- **THE TASK**
A verbatim copy of all the data is required; the pictures should not appear in it.

[Records from a collection]
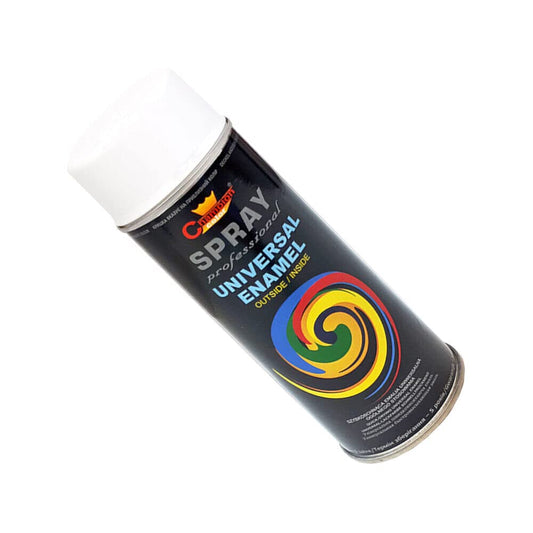 400 mL Pure White Matt (RAL 9010) Universal Gloss Enamel Spray Paint - Fast Drying High Shine Finish with Strong Coverage - for Metal, Wood, Plaster and Selected Plastics, Indoor and Outdoor Use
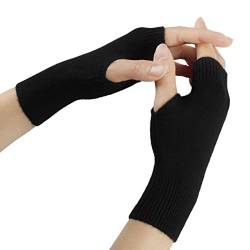 Larcele Kaschmir Handschuhe Fingerlose Fäustlinge Handwärmer für Damen BZST-02 (Schwarz) von Larcele
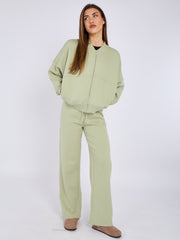 Oversized Bomber Style Fleece Zipper Co-ord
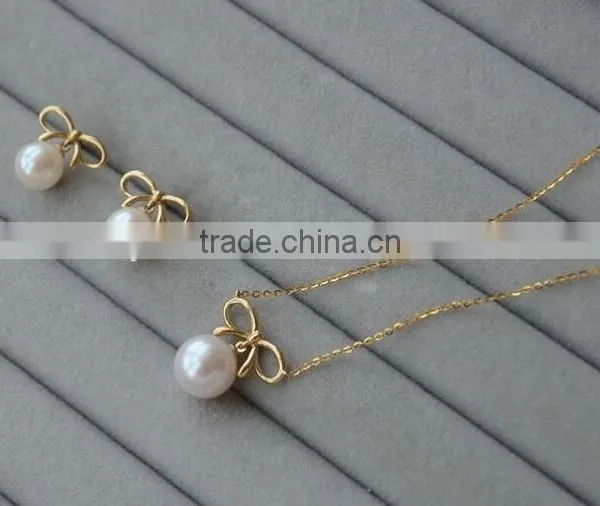8-9 mm White Freshwater Pearl Necklace and Earring Sets photo-6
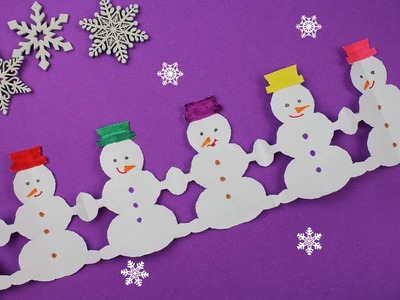 Easy decorative paper chain for Xmas | How to make a paper garland Snowman | DIY Paper cutting easy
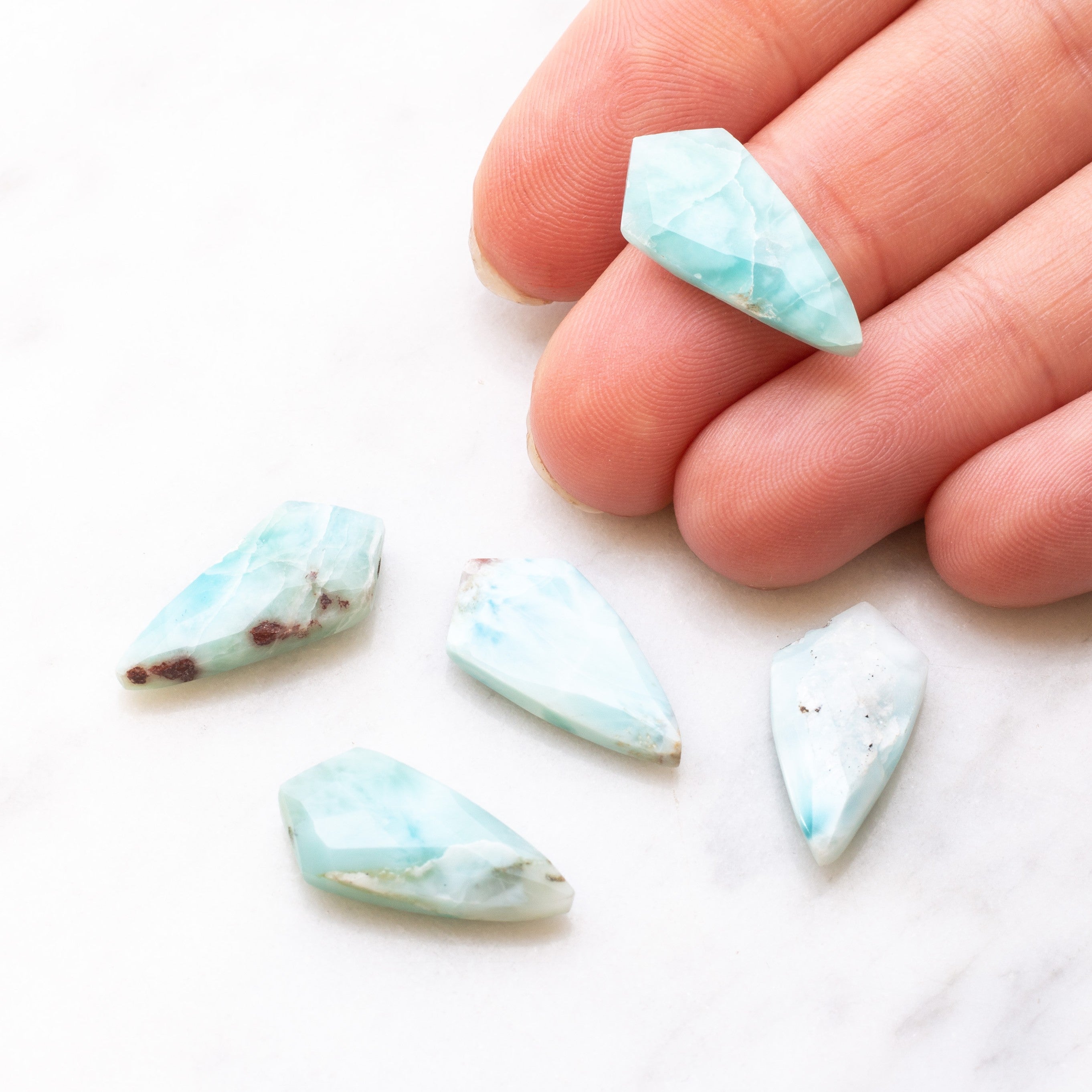 Larimar Faceted Shield Shaped Beads Approx 21x10.5mm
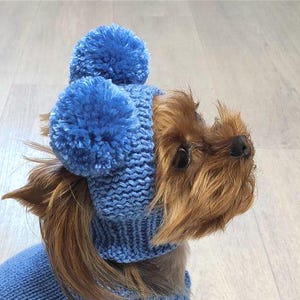 Custom dog hat with pom poms and neck Knitted dog small hats yorkie and chihuahua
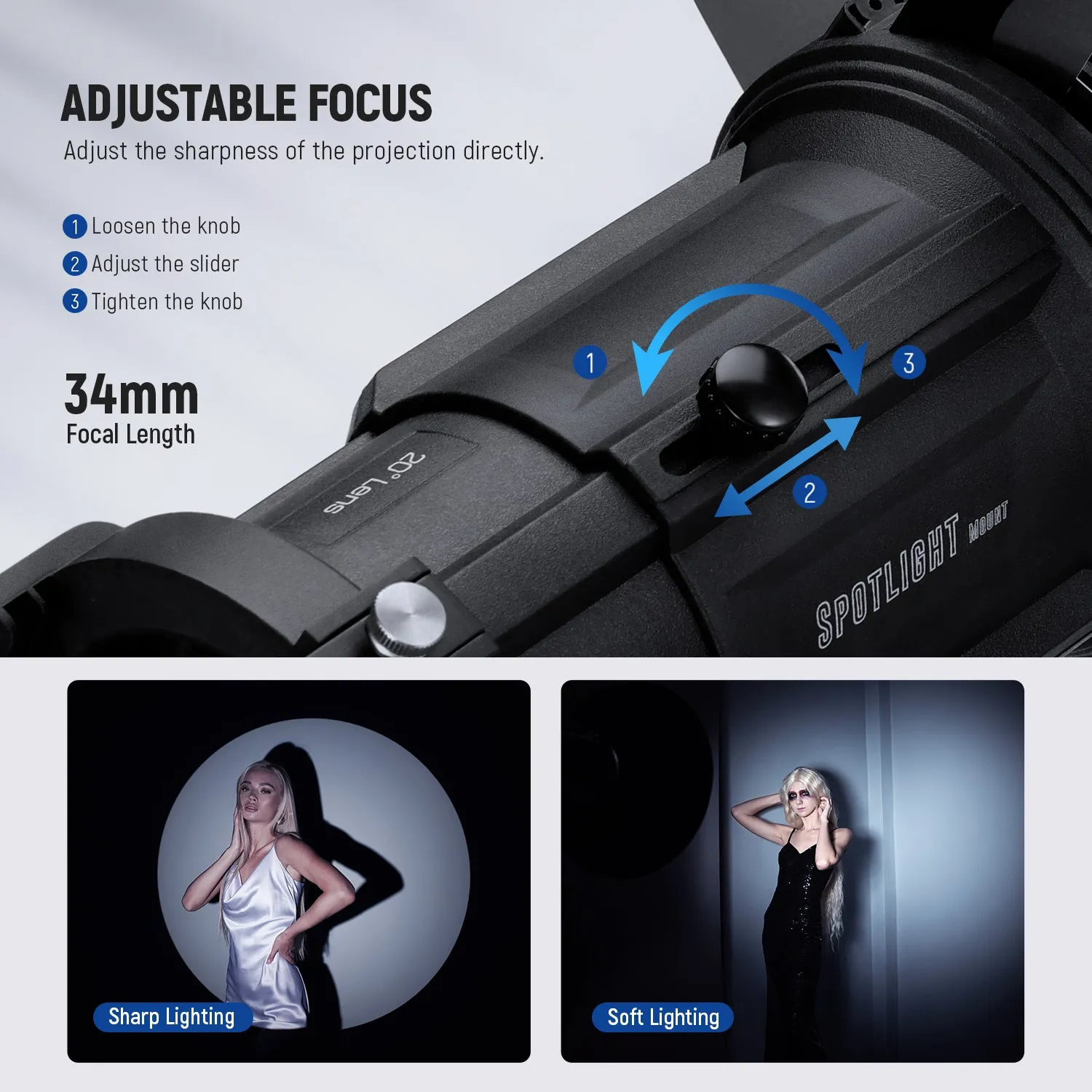 NEEWER LS-39 20° Bowens Mount Spotlight Snoot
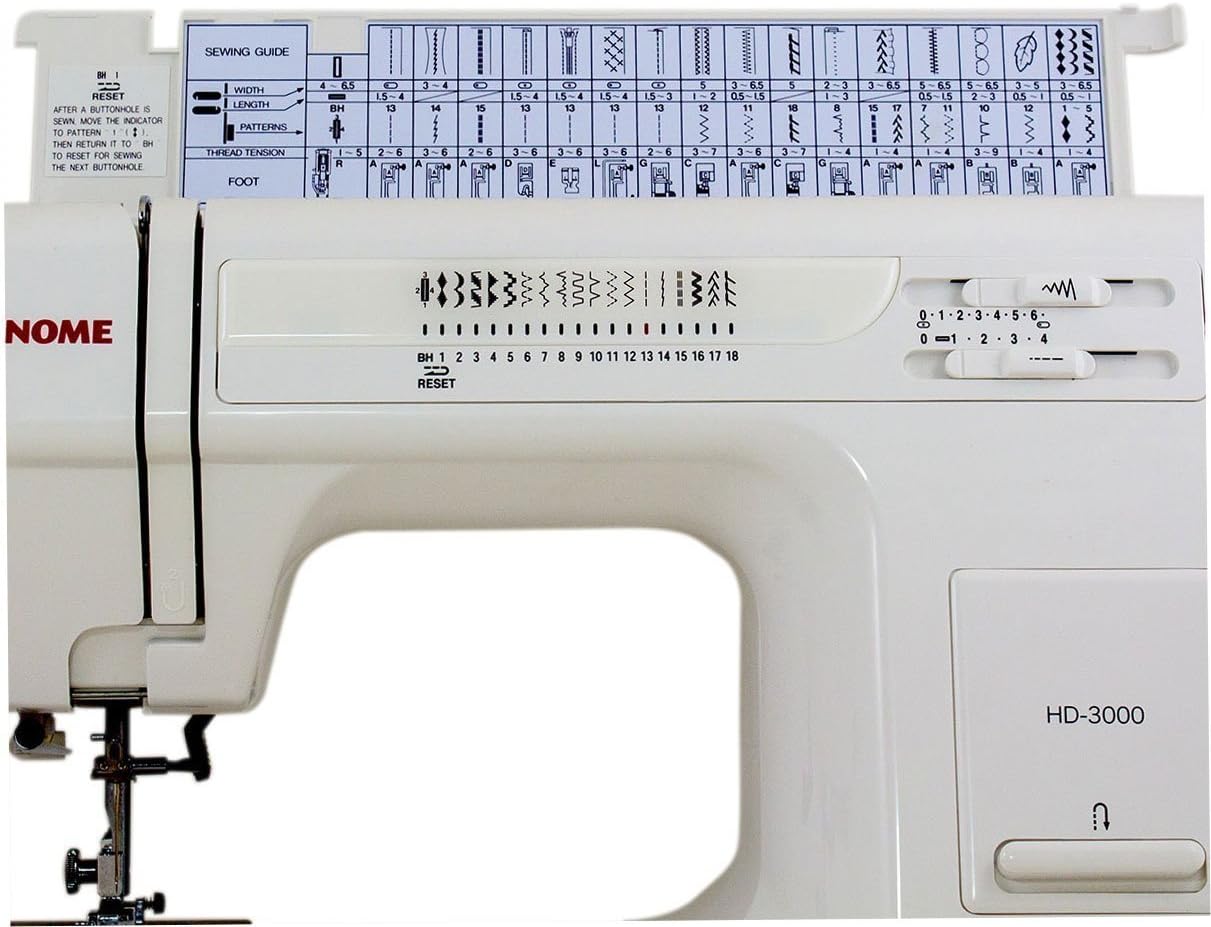 Janome HD3000 Heavy-Duty Sewing Machine with 18 Built-in Stitches + Hard Case | 18 Built-in Stitches + Hard Case
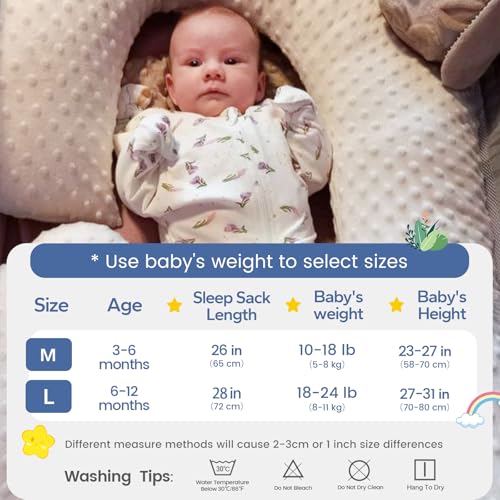 Image of ZIGJOY Swaddle Sleep Sack 6-12 Months, 1.0 Tog Cotton Baby Swaddle Blanket | 100% Cotton - Soft & Breathable & Non-shrink, 2-way Zipper for Easy Diaper Changes, Long Sleeves Allow Self-soothing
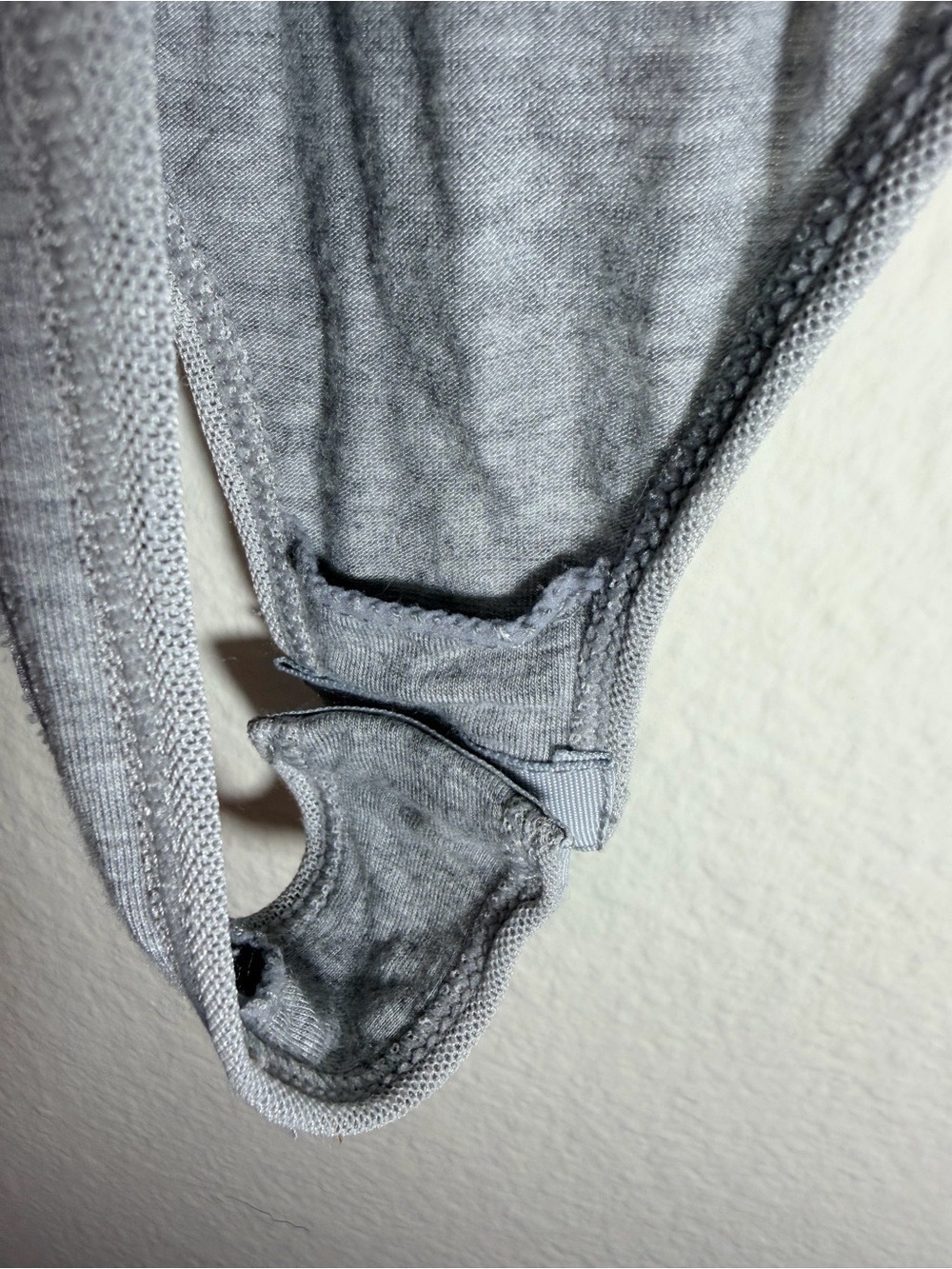 Free People Keep Away Bodysuit Heather Gray Long Sleeve Thumbhole XS/S - Picture 7 of 9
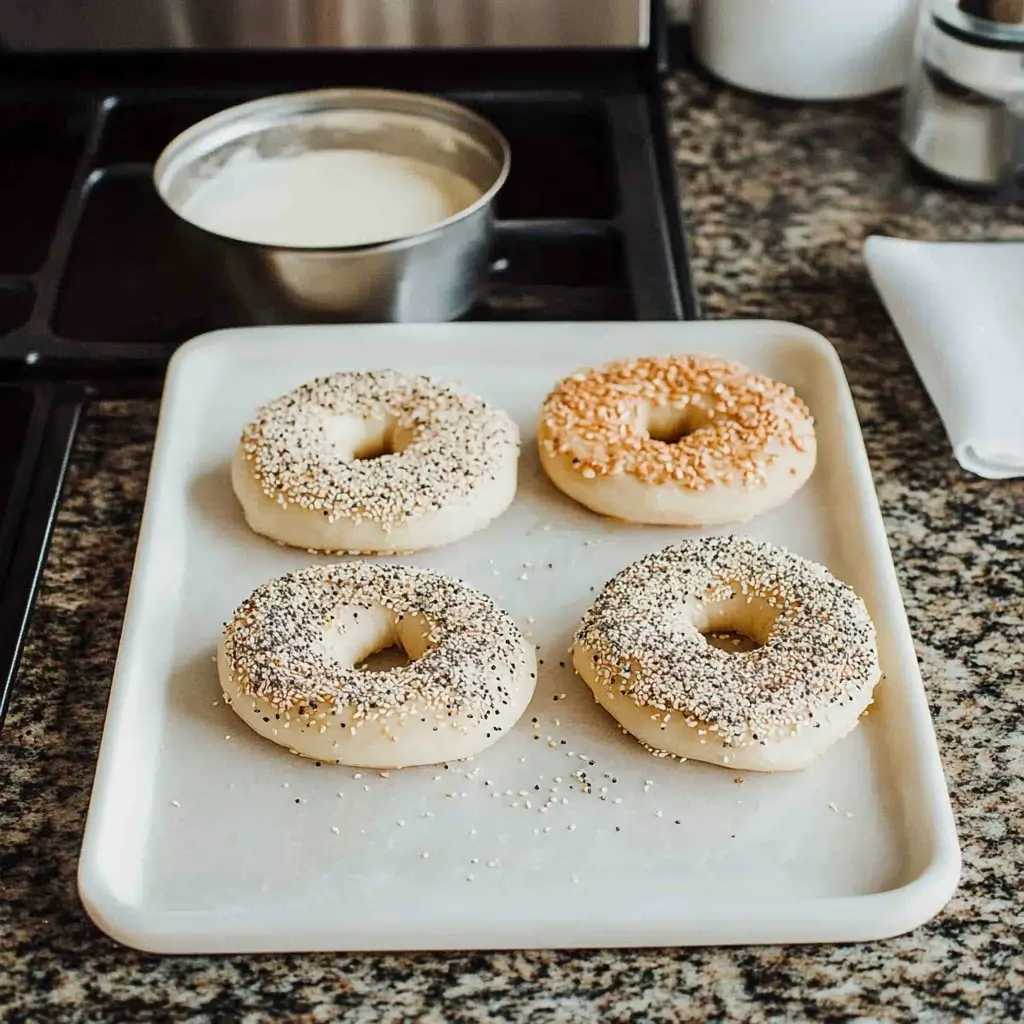 Shaped sourdough bagels sprinkled with sesame seeds and everything seasoning, ready to be baked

- **ANSWER TO THE EXERCISE**
 400 mL Pure White Matt (RAL 9010) Universal Gloss Enamel Spray Paint - Fast Drying High Shine Finish with Strong Coverage - for Metal, Wood, Plaster and Selected Plastics, Indoor and Outdoor Use
 Larcele Kaschmir Handschuhe Fingerlose Fäustlinge Handwärmer für Damen BZST-02 (Schwarz) von Larcele
 Oversized Bomber Style Fleece Zipper Co-ord
8-9 mm White Freshwater Pearl Necklace and Earring Sets photo-6
 Easy decorative paper chain for Xmas | How to make a paper garland Snowman | DIY Paper cutting easy
 Larimar Faceted Shield Shaped Beads Approx 21x10.5mm
 Custom dog hat with pom poms and neck Knitted dog small hats yorkie and chihuahua
 NEEWER LS-39 20° Bowens Mount Spotlight Snoot
 Janome HD3000 Heavy-Duty Sewing Machine with 18 Built-in Stitches + Hard Case | 18 Built-in Stitches + Hard Case
 Image of ZIGJOY Swaddle Sleep Sack 6-12 Months, 1.0 Tog Cotton Baby Swaddle Blanket | 100% Cotton - Soft & Breathable & Non-shrink, 2-way Zipper for Easy Diaper Changes, Long Sleeves Allow Self-soothing
 Free People Keep Away Bodysuit Heather Gray Long Sleeve Thumbhole XS/S - Picture 7 of 9
 Shaped sourdough bagels sprinkled with sesame seeds and everything seasoning, ready to be baked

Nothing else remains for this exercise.